- [WHAT YOU SHOULD DO]
Return exactly the span of lines that opens with the line containing "Católicos rezan en" and closes with the last line of the data, inclusive.

- [Short descriptive text snippets]

────────

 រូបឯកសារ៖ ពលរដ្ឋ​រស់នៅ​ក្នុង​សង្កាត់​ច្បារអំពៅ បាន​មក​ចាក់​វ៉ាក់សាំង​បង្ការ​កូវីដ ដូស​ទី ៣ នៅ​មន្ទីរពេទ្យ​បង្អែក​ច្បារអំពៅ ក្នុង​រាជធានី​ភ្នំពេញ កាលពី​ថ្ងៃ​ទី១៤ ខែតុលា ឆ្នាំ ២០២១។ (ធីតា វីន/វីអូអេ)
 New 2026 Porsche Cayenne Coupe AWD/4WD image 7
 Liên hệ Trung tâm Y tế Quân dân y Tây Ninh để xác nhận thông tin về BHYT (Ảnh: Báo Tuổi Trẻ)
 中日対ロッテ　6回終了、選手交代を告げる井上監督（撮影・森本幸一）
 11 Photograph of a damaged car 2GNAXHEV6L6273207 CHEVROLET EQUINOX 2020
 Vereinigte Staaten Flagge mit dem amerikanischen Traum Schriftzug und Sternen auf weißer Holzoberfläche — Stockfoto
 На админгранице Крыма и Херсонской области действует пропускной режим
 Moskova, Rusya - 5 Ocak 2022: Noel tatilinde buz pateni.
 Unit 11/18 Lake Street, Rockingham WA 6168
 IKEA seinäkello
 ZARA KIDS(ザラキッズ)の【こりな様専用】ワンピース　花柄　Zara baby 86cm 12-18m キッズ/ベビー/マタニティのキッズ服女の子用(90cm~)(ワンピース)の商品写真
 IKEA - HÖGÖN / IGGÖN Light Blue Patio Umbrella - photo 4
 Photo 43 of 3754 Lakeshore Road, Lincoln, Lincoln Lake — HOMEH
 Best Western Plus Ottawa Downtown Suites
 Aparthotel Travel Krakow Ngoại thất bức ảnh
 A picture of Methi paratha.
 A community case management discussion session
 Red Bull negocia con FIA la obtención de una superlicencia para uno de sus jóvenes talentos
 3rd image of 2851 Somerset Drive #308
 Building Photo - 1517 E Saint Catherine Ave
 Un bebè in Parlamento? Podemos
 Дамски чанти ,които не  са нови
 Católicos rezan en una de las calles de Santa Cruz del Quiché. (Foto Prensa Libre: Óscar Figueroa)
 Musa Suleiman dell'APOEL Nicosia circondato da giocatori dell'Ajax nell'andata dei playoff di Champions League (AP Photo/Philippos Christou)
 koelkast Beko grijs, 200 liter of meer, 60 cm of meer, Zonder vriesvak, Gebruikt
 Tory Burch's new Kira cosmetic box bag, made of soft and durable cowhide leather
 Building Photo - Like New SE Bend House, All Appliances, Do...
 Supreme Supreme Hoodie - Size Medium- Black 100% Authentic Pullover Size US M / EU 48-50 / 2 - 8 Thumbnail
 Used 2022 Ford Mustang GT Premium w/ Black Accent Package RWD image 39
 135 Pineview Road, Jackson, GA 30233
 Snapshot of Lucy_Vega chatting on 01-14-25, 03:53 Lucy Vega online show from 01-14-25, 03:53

────────

- [EXERCISE RESULT]
 Católicos rezan en una de las calles de Santa Cruz del Quiché. (Foto Prensa Libre: Óscar Figueroa)
 Musa Suleiman dell'APOEL Nicosia circondato da giocatori dell'Ajax nell'andata dei playoff di Champions League (AP Photo/Philippos Christou)
 koelkast Beko grijs, 200 liter of meer, 60 cm of meer, Zonder vriesvak, Gebruikt
 Tory Burch's new Kira cosmetic box bag, made of soft and durable cowhide leather
 Building Photo - Like New SE Bend House, All Appliances, Do...
 Supreme Supreme Hoodie - Size Medium- Black 100% Authentic Pullover Size US M / EU 48-50 / 2 - 8 Thumbnail
 Used 2022 Ford Mustang GT Premium w/ Black Accent Package RWD image 39
 135 Pineview Road, Jackson, GA 30233
 Snapshot of Lucy_Vega chatting on 01-14-25, 03:53 Lucy Vega online show from 01-14-25, 03:53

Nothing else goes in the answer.